§ Required action:
Take the line with "2 шт. медная" and every line after it in the entries below, and set them down exactly, without any pictures.

§ Records shown:
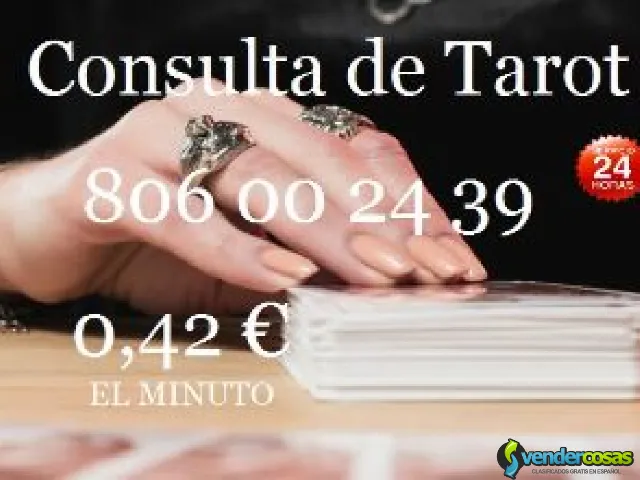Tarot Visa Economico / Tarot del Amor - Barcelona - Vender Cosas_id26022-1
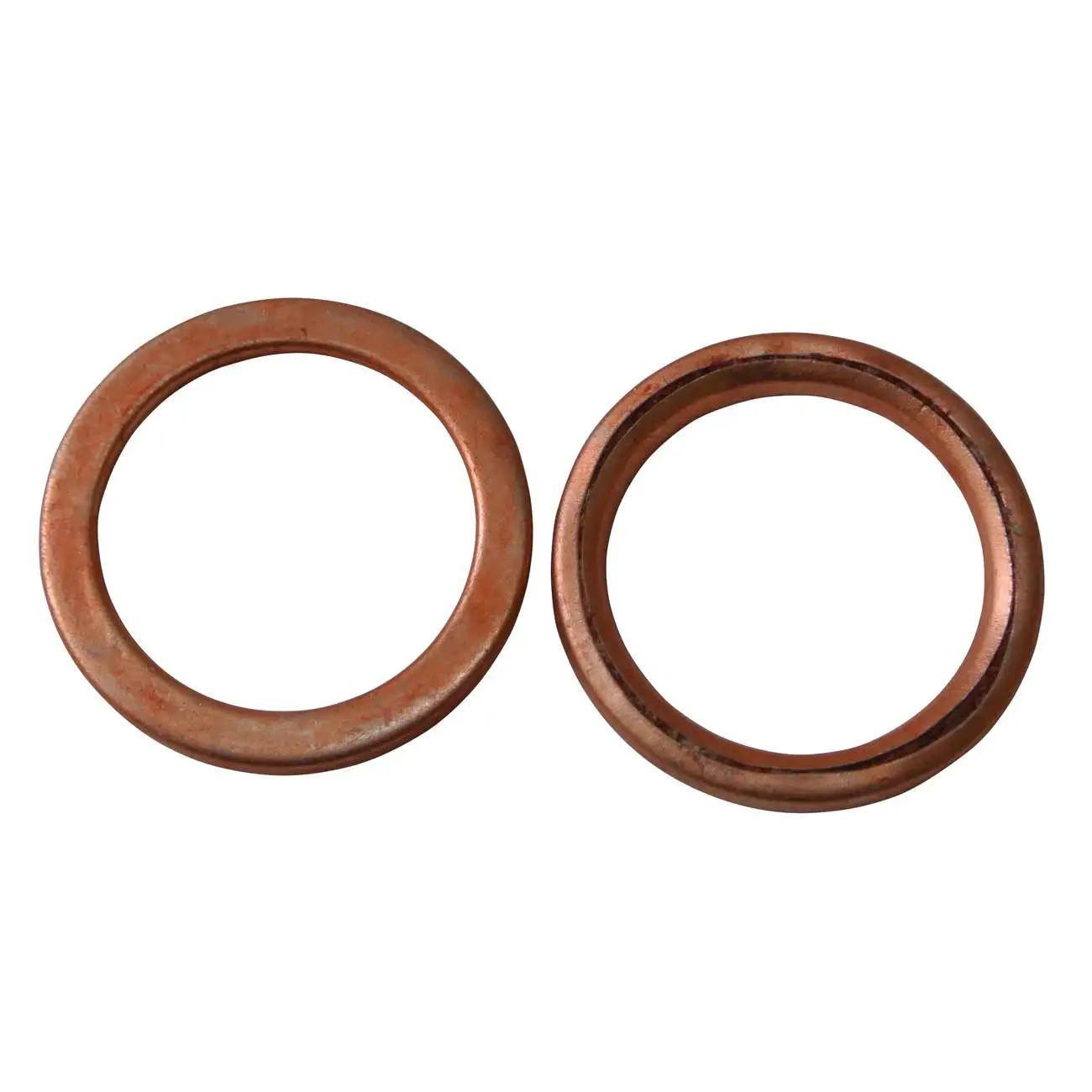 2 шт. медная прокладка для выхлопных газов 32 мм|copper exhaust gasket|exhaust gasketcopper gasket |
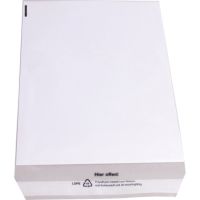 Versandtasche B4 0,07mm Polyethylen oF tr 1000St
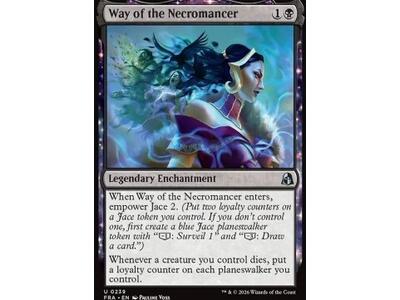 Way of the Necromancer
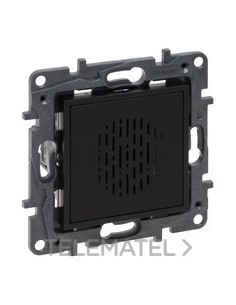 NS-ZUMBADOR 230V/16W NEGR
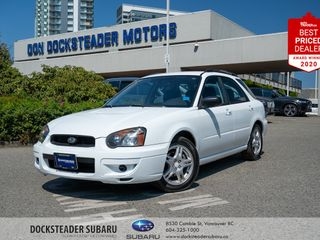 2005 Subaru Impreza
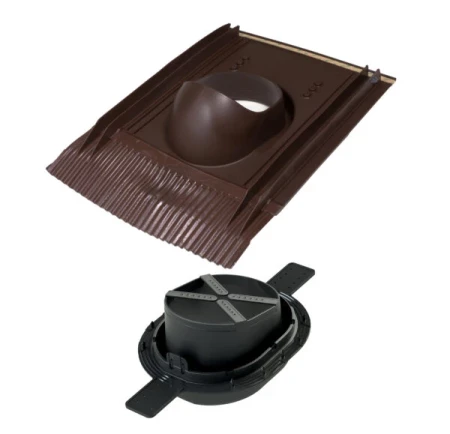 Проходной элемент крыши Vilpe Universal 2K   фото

§ Answer to this task:
 2 шт. медная прокладка для выхлопных газов 32 мм|copper exhaust gasket|exhaust gasketcopper gasket |
 Versandtasche B4 0,07mm Polyethylen oF tr 1000St
 Way of the Necromancer
 NS-ZUMBADOR 230V/16W NEGR
 2005 Subaru Impreza
 Проходной элемент крыши Vilpe Universal 2K   фото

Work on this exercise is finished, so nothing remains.